I joked with a few of my colleagues that handling digital archives might require archivists to become epidemiologists on the spot. The fortunate aspect of the above scenario was that it happened in our processing room, which means that I was able to thoroughly research the issue, weigh the considerations, and then make a decision. I could have only wished for such calm and contained circumstances two weeks ago when I went to acquire 50 gigabytes of historical materials from the Princeton Plasma Physics Laboratory.

Typically when I go on site to acquire digital archives from University offices or departments, I gather background information on the software and hardware of the machine holding the content and I arrive with a Plan A, a Plan B, and a Plan C. But the challenge of archiving this particular set of documents made me reach for a Plan Z. In the words of Chris Cane, Manager of Digital Strategy and Visual Communication at PPPL:

“Jarrett M. Drake, Digital Archivist at the Seeley G. Mudd Manuscript Library, Princeton University, reached out to us regarding archiving the PPPL digital images and publications. 50GB worth of materials was a daunting task to archive, using state-of-the-art software tools and a fast, portable USB disk drive attached to an underpowered Mac.
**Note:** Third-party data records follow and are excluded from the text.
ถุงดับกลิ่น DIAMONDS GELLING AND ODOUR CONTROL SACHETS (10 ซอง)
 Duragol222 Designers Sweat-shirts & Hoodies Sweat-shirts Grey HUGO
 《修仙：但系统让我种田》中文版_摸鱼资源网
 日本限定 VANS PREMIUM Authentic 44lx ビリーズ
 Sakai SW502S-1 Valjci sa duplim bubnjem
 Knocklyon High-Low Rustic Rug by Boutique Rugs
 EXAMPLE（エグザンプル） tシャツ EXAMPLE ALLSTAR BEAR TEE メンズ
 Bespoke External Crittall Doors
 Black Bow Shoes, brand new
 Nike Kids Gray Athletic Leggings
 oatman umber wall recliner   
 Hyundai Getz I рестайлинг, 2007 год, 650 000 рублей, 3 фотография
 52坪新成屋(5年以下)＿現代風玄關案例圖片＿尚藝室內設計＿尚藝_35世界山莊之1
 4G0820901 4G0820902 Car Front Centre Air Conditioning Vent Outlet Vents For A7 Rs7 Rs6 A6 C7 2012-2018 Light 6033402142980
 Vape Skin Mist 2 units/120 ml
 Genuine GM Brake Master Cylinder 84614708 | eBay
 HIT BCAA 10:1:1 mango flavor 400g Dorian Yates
Through difficulties in downloading and ‘bagging’ the archive, Jarrett resorted to his scripting skills to solve the problem, and stayed on task to complete the archiving process with calmness and alacrity, and with minimal fuss.  Astonishingly, PPPL’s entire digital collection was available online in under a week!”

Chris Cane, Manager of Digital Strategy and Visual Communication, Princeton Plasma Physics Laboratory. Photo taken from October 29, 2012, issue of PPPL Weekly, which is located at AC332, Princeton Plasma Physics Laboratory Records.

Chris, along with the rest of the PPPL staff that I met that day, is awesome because he describes seemingly impossible tasks as merely “difficult.” He makes a reference to ‘bagging the archive,’ which is the process we use to extract files and create cryptographic hash values. The creation of this value, also known as a checksum, requires a program that will use an algorithm to read the sequences of bits—0’s and 1’s—and generate a unique alphanumeric value that identifies each file.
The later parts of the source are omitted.